Dilmar is attempting to bootstrap the Rice Planters claim onto the earlier voluntary cleanup coverage for the Northside Texaco site under Agreement 3. First, the language of the insurance contract is unambiguous: the insuring agreements are mutually exclusive and provide coverage for three distinct events. Allowing a claim triggering one insuring agreement to implicate coverage under one of the other insuring agreements would torture the clear and unambiguous policy language and extend coverage that was never intended by Federated.
Next, the policy provides no coverage for the Rice Planters claim. It says that coverage for the Rice Planters claim, if it exists, is only under Insuring Agreement 2, providing coverage for reimbursement of [28 ELR 20344] government-mandated cleanup costs.

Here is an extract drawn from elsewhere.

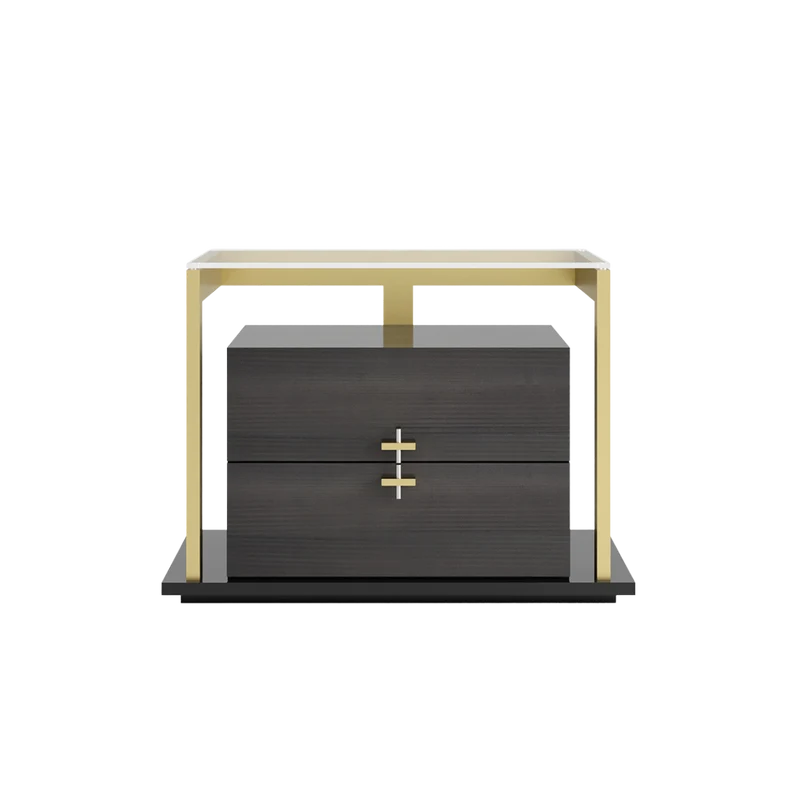 Casa Magna QUIMERA Nachttisch Variante I – 96 × 50 × 76 cm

This agreement requires that "notice asserting such obligation must first be received by [the insured] during the policy period." DHEC only mandated cleanup in June 1994, well after the "policy period." Dilmar attempts to argue that this is covered by Insuring Agreement 3, but it must show that the Rice Planters site was to have been included in the voluntary cleanup Dilmar was conducting at Northside Texaco. When Dilmar submitted its 1989 claim for Northside Texaco, however, only Agreement 3 was implicated because there was no government or third party demand made of Dilmar. The proposed cleanup at Rice Planters is not voluntary — DHEC ordered it. It does not matter whether the contamination at Rice Planters is from Northside Texaco; the dispositive issue is whether the cleanup is being conducted voluntarily. Insuring Agreement 3 only applies to voluntary cleanup cost reimbursement, not to government-ordered cleanup, as is the case here. Allowing Dilmar to obtain coverage for a government-mandated cleanup under the insuring agreement providing coverage for voluntary cleanup costs incurred would render Insuring Agreement 2 a nullity.

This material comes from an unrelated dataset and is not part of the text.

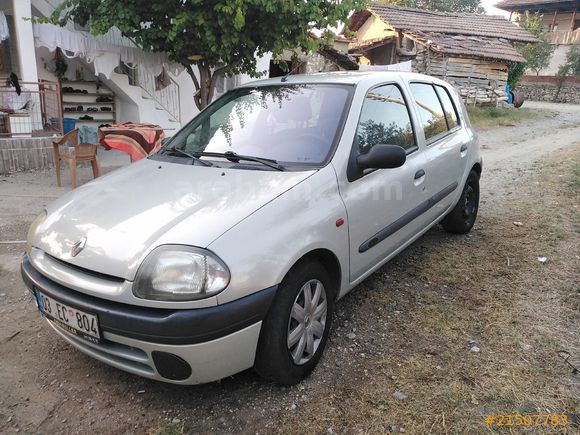 Sahibinden Renault Clio 1.6 RTE 2000 Model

The district court was thus correct to grant summary judgment for Federated on Dilmar's demand for coverage of the Rice Planters cleanup.
C. Abandonment of the Bad-faith Claim
In its complaint, Dilmar included a cause of action for bad faith refusal to pay insurance benefits. Dilmar initially argued that Federated's failure to affirmatively provide notice of the passage of the 1990 Amendments was the basis for the bad faith claim (Dil. Opp. to Mot. for S.J. at 21). In its supplemental brief to the district court, submitted after the hearing on Federated's Motion for Summary Judgment, Dilmar said, "Although Federated did not voluntarily offer coverage to Dilmar after the 1990 Amendments became effective, Federated's failure to volunteer coverage should not be considered a denial of coverage, because Dilmar never made a demand for coverage at that time" (Dil. Supp. Opp. to Mot. for S.J. at 3). The district court held that by "acknowledging that Federated's failure to volunteer coverage where no re-tender had been made was not a 'denial' of coverage, Dilmar has necessarily abandoned its bad faith claim."
In arguing bad faith as of the 1990 Amendments at the summary judgment stage, which Dilmar did in its original opposition to Federated's motion, Dilmar was arguing for a 1990 accrual date for its claims. Thus, Dilmar had to change its position in the supplemental brief. However, by changing its argument to say that Federated's failure to volunteer coverage in 1990 was not a denial of coverage, Dilmar was no longer asserting a bad faith claim.
Dilmar abandoned its bad faith cause of action in its supplemental opposition to Federated's Motion for Summary Judgment. The district court correctly decided this issue in granting summary judgment.
Conclusion
The judgment of the district court is affirmed in its entirety.